Histopathology was performed on pig tissues. Following fixation and inactivation of tissues (<1 cm³) for a minimum of 7 d in 10% neutral-buffered formalin and one formalin exchange [IBC-approved and published protocol (29)], tissues were removed from BSL4 and processed using a VIP-6 Tissue Tek (Sakura Finetek) tissue processor and embedded in Ultraffin paraffin polymer (Cancer Diagnostics). Samples were sectioned at 5 μm, and resulting slides were stained with hematoxylin and eosin or used for immunohistochemistry. Specific immunoreactivity was detected using polyclonal rabbit serum against RESTV nucleoprotein diluted 1:250 (kindly provided by Ayato Takada, Hokkaido University, Hokkaido, Japan), followed by a Biogenex biotinylated anti-rabbit antibody (SS Rabbit Link Biogenex) and the 3,3'-Diaminobenzidine (DAB) chromogen (Discovery DABMap detection kit; Roche Tissue Diagnostics).

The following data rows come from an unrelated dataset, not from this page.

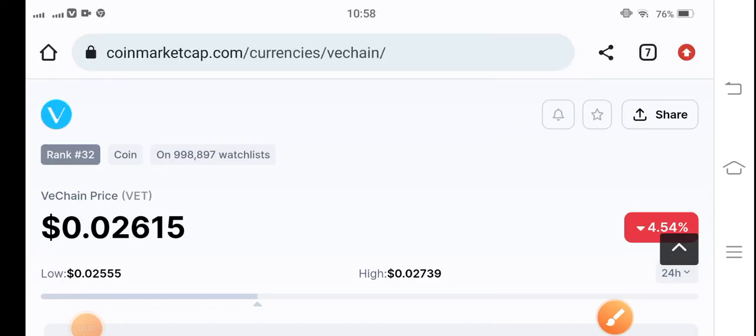Hello guys, how are you? Hope you're fine. Hope you're feeling well guys. Welcome back to another latest update video about VeChain coin guys.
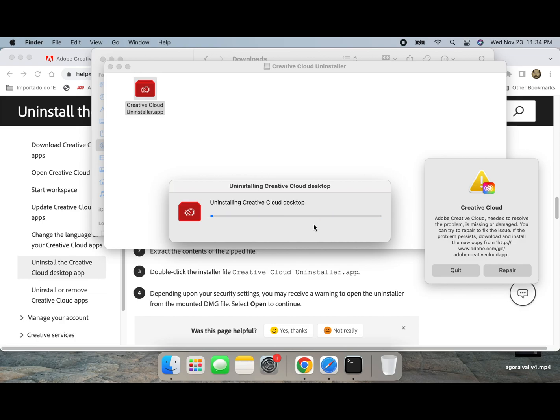I will speed up this part. It took about 3 minutes to remove all folders.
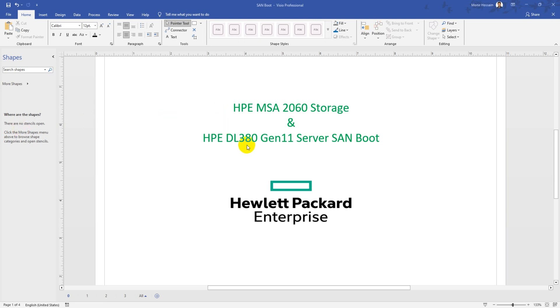Hi, welcome to Cloud Tech Bucket. In this video we'll configure HP MSA 2060 storage and HP DL380 Gen 11 servers for SAN boot configuration. This means your server doesn't need any local disks - you can install the operating system on storage disks. Let me show you my diagram for this solution.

Transmission Electron Microscopy.

Small segments of lung tissue were fixed for 7 d in Karnovsky’s fixative [IBC-approved and published protocol (29)]. Specimens were fixed overnight at 4 °C with 2.5% glutaraldehyde/4% paraformaldehyde in 0.1 M Sorensen’s buffer, pH 7.4. Samples were postfixed for 1 h with 1.0% osmium tetroxide/0.8% potassium ferricyanide, 1 h with 1% tannic acid in dH₂O, and 2% osmium tetroxide for an additional hour. The tissues were further stained overnight with 1% uranyl acetate at 4 °C, dehydrated with a graded ethanol series, and embedded in epon/araldite resin. Thin sections were cut with a Leica UC6 ultramicrotome (Leica), and viewed at 120 kV on an FEI BT Tecnai transmission electron microscope (Thermofisher/FEI).

Statistical Analysis.

Data were analyzed with one-way analysis of variance and a Dunnett’s multiple comparison test comparing differences between RESTV-infected age groups and mock-infected controls. Data were not analyzed past 7 dpi, as overall group numbers were greatly reduced. Lung to weight ratios were analyzed with an unpaired t test with two-tailed P value to compare values between RESTV-infected and mock-infected groups. This study was not specifically designed for statistical evaluation, as group numbers were small, and any animal loss therefore negatively impacts statistical testing.

Data Availability.

All study data are included in the article and SI Appendix.